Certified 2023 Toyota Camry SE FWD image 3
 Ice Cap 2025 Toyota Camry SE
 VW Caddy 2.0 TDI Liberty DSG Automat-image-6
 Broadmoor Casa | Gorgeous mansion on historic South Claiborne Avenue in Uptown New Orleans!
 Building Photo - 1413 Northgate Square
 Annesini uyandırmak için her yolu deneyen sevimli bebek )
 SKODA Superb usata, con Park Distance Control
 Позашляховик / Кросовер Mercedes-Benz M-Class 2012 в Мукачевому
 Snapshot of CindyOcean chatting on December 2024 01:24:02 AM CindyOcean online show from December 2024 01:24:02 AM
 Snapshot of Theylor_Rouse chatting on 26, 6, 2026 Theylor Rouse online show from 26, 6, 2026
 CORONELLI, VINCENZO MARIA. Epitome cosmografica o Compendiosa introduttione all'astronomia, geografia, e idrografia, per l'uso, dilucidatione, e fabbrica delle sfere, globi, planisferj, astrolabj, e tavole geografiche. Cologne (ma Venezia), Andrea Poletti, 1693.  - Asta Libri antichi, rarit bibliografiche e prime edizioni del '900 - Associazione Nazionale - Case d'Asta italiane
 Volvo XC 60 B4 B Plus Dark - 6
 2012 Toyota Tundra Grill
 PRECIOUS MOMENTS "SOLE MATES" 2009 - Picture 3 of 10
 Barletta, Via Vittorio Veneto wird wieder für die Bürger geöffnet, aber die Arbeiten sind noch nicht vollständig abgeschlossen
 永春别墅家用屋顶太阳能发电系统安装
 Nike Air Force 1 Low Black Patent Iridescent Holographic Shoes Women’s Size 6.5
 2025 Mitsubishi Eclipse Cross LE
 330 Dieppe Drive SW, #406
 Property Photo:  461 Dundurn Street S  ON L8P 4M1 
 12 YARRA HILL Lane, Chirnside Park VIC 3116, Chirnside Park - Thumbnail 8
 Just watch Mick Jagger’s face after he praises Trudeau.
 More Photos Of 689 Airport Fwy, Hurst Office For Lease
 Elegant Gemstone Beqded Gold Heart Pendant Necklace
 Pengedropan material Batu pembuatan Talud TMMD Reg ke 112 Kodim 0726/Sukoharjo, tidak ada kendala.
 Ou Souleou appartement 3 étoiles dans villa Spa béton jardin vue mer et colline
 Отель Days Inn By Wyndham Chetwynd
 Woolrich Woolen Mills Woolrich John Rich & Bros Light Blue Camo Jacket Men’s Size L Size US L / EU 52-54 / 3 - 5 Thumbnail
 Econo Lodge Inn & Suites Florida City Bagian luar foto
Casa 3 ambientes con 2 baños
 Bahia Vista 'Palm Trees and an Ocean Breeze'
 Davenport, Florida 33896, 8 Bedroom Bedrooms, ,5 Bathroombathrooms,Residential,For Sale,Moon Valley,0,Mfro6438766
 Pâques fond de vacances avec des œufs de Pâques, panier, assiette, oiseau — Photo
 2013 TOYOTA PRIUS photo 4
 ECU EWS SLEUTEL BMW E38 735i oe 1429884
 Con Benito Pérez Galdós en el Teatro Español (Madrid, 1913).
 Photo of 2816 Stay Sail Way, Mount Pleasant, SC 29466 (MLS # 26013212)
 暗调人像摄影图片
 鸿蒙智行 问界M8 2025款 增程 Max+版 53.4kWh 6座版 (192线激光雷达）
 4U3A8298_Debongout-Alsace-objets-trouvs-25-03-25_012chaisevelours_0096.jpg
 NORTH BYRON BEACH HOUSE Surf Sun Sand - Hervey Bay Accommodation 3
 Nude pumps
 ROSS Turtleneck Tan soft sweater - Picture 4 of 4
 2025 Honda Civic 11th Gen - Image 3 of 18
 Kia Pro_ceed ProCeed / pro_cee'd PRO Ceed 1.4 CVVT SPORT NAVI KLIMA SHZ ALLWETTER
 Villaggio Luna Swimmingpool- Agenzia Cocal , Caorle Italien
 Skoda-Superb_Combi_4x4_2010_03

+++++

_TASK PROMPT_
Reproduce the entries exactly, each one as given.

_WRITTEN RESPONSE_
Certified 2023 Toyota Camry SE FWD image 3
 Ice Cap 2025 Toyota Camry SE
 VW Caddy 2.0 TDI Liberty DSG Automat-image-6
 Broadmoor Casa | Gorgeous mansion on historic South Claiborne Avenue in Uptown New Orleans!
 Building Photo - 1413 Northgate Square
 Annesini uyandırmak için her yolu deneyen sevimli bebek )
 SKODA Superb usata, con Park Distance Control
 Позашляховик / Кросовер Mercedes-Benz M-Class 2012 в Мукачевому
 Snapshot of CindyOcean chatting on December 2024 01:24:02 AM CindyOcean online show from December 2024 01:24:02 AM
 Snapshot of Theylor_Rouse chatting on 26, 6, 2026 Theylor Rouse online show from 26, 6, 2026
 CORONELLI, VINCENZO MARIA. Epitome cosmografica o Compendiosa introduttione all'astronomia, geografia, e idrografia, per l'uso, dilucidatione, e fabbrica delle sfere, globi, planisferj, astrolabj, e tavole geografiche. Cologne (ma Venezia), Andrea Poletti, 1693.  - Asta Libri antichi, rarit bibliografiche e prime edizioni del '900 - Associazione Nazionale - Case d'Asta italiane
 Volvo XC 60 B4 B Plus Dark - 6
 2012 Toyota Tundra Grill
 PRECIOUS MOMENTS "SOLE MATES" 2009 - Picture 3 of 10
 Barletta, Via Vittorio Veneto wird wieder für die Bürger geöffnet, aber die Arbeiten sind noch nicht vollständig abgeschlossen
 永春别墅家用屋顶太阳能发电系统安装
 Nike Air Force 1 Low Black Patent Iridescent Holographic Shoes Women’s Size 6.5
 2025 Mitsubishi Eclipse Cross LE
 330 Dieppe Drive SW, #406
 Property Photo:  461 Dundurn Street S  ON L8P 4M1 
 12 YARRA HILL Lane, Chirnside Park VIC 3116, Chirnside Park - Thumbnail 8
 Just watch Mick Jagger’s face after he praises Trudeau.
 More Photos Of 689 Airport Fwy, Hurst Office For Lease
 Elegant Gemstone Beqded Gold Heart Pendant Necklace
 Pengedropan material Batu pembuatan Talud TMMD Reg ke 112 Kodim 0726/Sukoharjo, tidak ada kendala.
 Ou Souleou appartement 3 étoiles dans villa Spa béton jardin vue mer et colline
 Отель Days Inn By Wyndham Chetwynd
 Woolrich Woolen Mills Woolrich John Rich & Bros Light Blue Camo Jacket Men’s Size L Size US L / EU 52-54 / 3 - 5 Thumbnail
 Econo Lodge Inn & Suites Florida City Bagian luar foto
Casa 3 ambientes con 2 baños
 Bahia Vista 'Palm Trees and an Ocean Breeze'
 Davenport, Florida 33896, 8 Bedroom Bedrooms, ,5 Bathroombathrooms,Residential,For Sale,Moon Valley,0,Mfro6438766
 Pâques fond de vacances avec des œufs de Pâques, panier, assiette, oiseau — Photo
 2013 TOYOTA PRIUS photo 4
 ECU EWS SLEUTEL BMW E38 735i oe 1429884
 Con Benito Pérez Galdós en el Teatro Español (Madrid, 1913).
 Photo of 2816 Stay Sail Way, Mount Pleasant, SC 29466 (MLS # 26013212)
 暗调人像摄影图片
 鸿蒙智行 问界M8 2025款 增程 Max+版 53.4kWh 6座版 (192线激光雷达）
 4U3A8298_Debongout-Alsace-objets-trouvs-25-03-25_012chaisevelours_0096.jpg
 NORTH BYRON BEACH HOUSE Surf Sun Sand - Hervey Bay Accommodation 3
 Nude pumps
 ROSS Turtleneck Tan soft sweater - Picture 4 of 4
 2025 Honda Civic 11th Gen - Image 3 of 18
 Kia Pro_ceed ProCeed / pro_cee'd PRO Ceed 1.4 CVVT SPORT NAVI KLIMA SHZ ALLWETTER
 Villaggio Luna Swimmingpool- Agenzia Cocal , Caorle Italien
 Skoda-Superb_Combi_4x4_2010_03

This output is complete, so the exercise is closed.